(Problem): Give back exactly the line containing "Chevrolet Silverado 1500" and all that follow it in the data below, with the pictures left out.

(Data records)
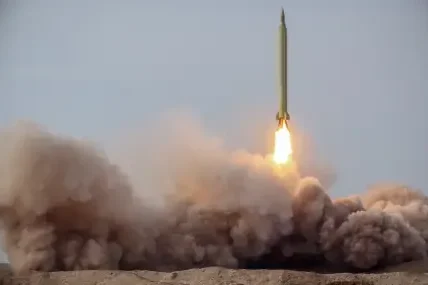 Иран твърди, че е унищожил американски военни съоръжения в Бахрейн и Оман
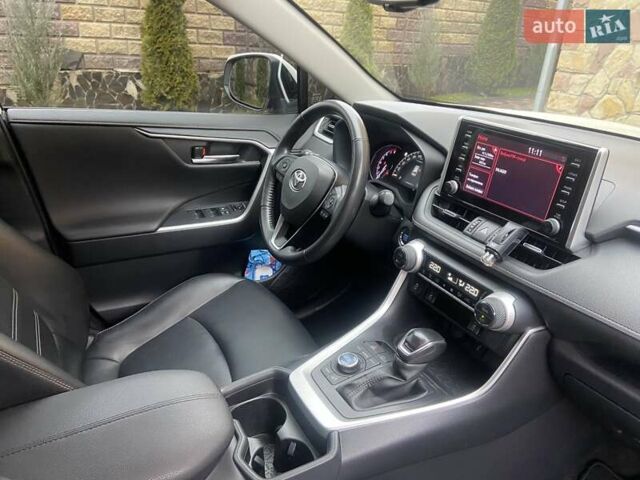 Белый Тойота РАВ 4, объемом двигателя 2 л и пробегом 41 тыс. км за 30700 $, фото 50 на Automoto.ua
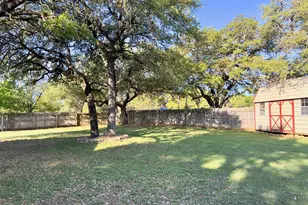 1309 10th St, Blanco, TX 78606 - Photo 17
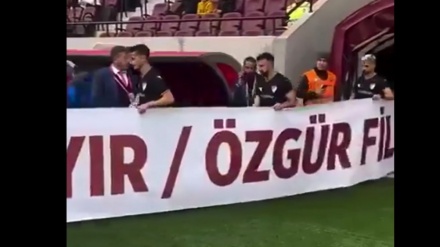 Masuk Lapangan, Tim Sepak Bola Turki Kibarkan Spanduk: Bebaskan Palestina!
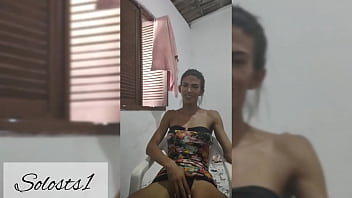 Preview 1 of Poppers Interracial - Daniela Santos de masturbando em seu quarto pra cliente louco por trans,  completo no RED.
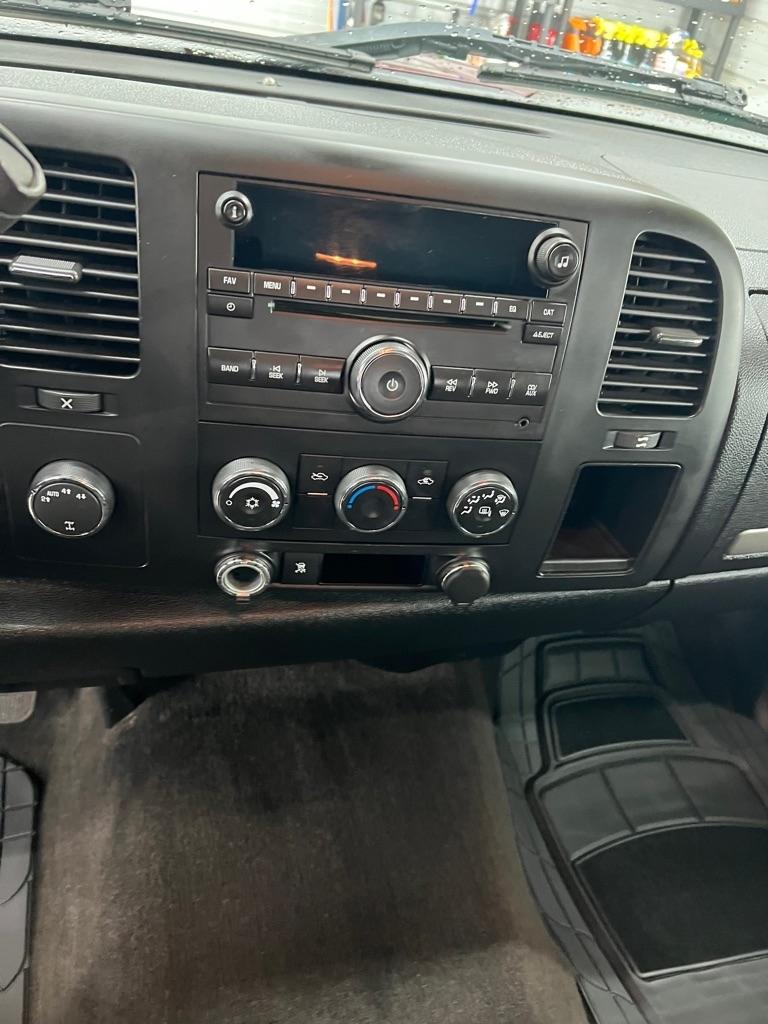 Chevrolet Silverado 1500 4WD Crew Cab 143.5" LT 2009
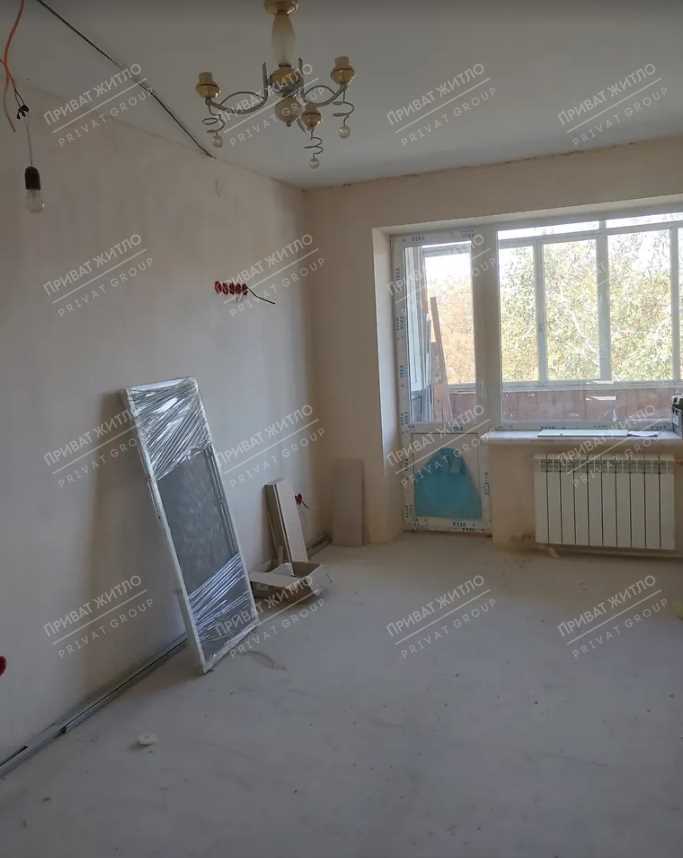 Продається трикімнатна квартира на Алмазному | Приват житло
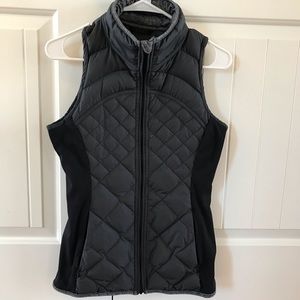 Lululemon women’s down vest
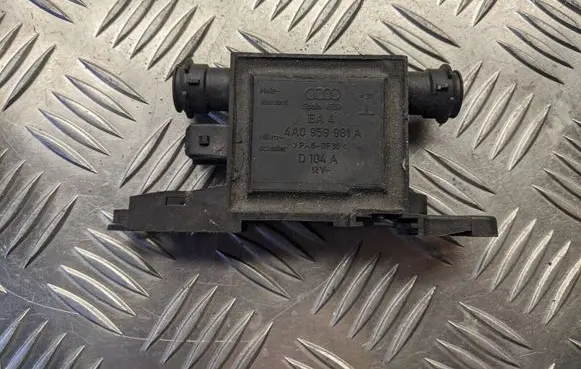 Audi A6 S6 C4 4A Door central lock control unit/module 4A0959981A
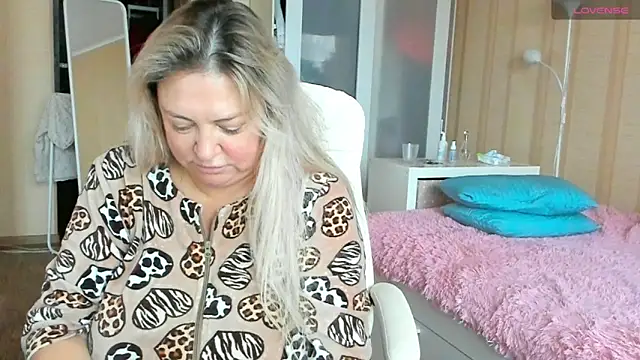 Snapshot of PamHardFuck chatting on 09/20/25, 09:36 PamHardFuck online show from 09/20/25, 09:36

(Completed task):
 Chevrolet Silverado 1500 4WD Crew Cab 143.5" LT 2009
 Продається трикімнатна квартира на Алмазному | Приват житло
 Lululemon women’s down vest
 Audi A6 S6 C4 4A Door central lock control unit/module 4A0959981A
 Snapshot of PamHardFuck chatting on 09/20/25, 09:36 PamHardFuck online show from 09/20/25, 09:36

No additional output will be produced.